Older adults are more willing to make efforts for others than young adults

A study by the University of Birmingham has found that older adults are more willing to help others out in comparison to young adults.

The study first appeared online in the journal Psychological Science.

For the research, as many as 187 participants from early to late adulthood were included. 95 participants in early to mid-adulthood were placed in one group while 92 of mostly elderly participants were placed in another group.

“Each participant made 150 choices about whether or not to grip a handheld dynamometer—a device for measuring grip strength or force—with 6 different levels of how hard they had to grip,” a press release of the study reads.

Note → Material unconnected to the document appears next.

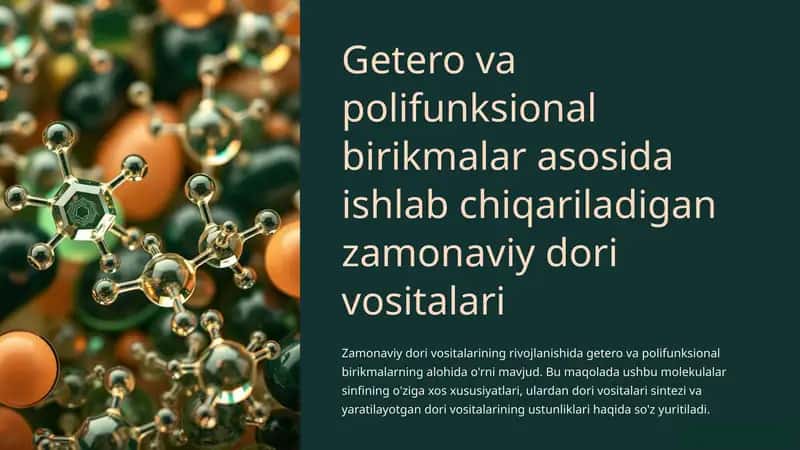 Zamonaviy dori vositalari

“Before the experiment, the researchers measured each person’s maximum grip strength, so they could make sure that the effort people had to put in was the same for everyone, and not affected by how strong people were,” the press release also states.

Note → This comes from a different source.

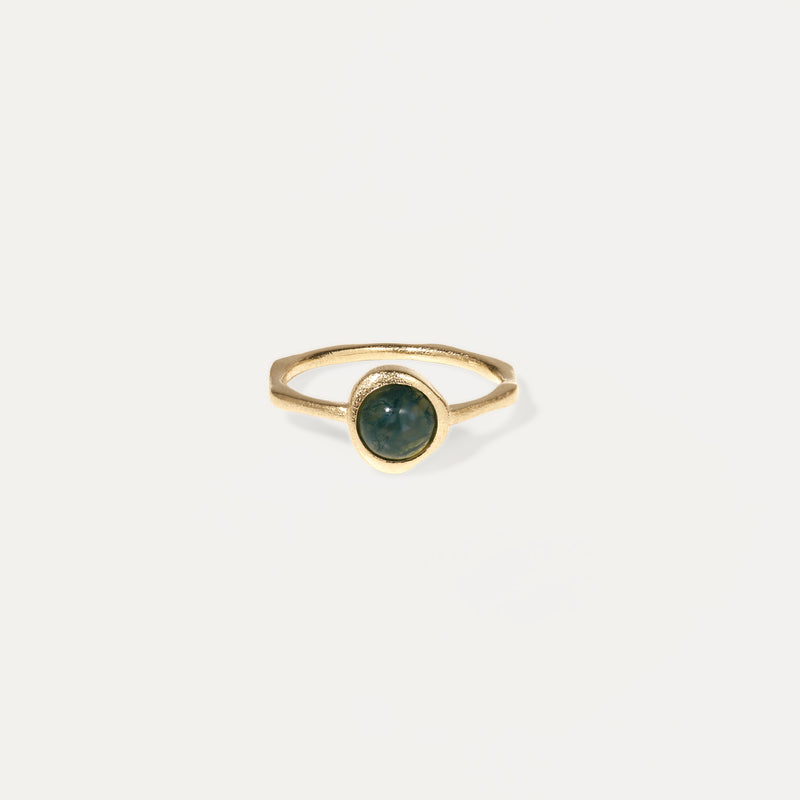 Zodiac Birthstone Ring 14k Solid Gold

What researchers unveiled was that within easy tasks young and older adults provided similar efforts for helping others. When the task was more strenuous, or effortful, older adults were more willing to help others.

“A lot of research has focused on the negative changes that happen as people get older,” the study’s lead author stated in a news release.

“We show that there are positive benefits to getting older too, in particular older adults seem to be more willing to put in effort to help others. These ‘prosocial behaviors’ are really important for social cohesion. Understanding how prosocial behavior changes as people get older is critical as we predict the impact of an aging society.”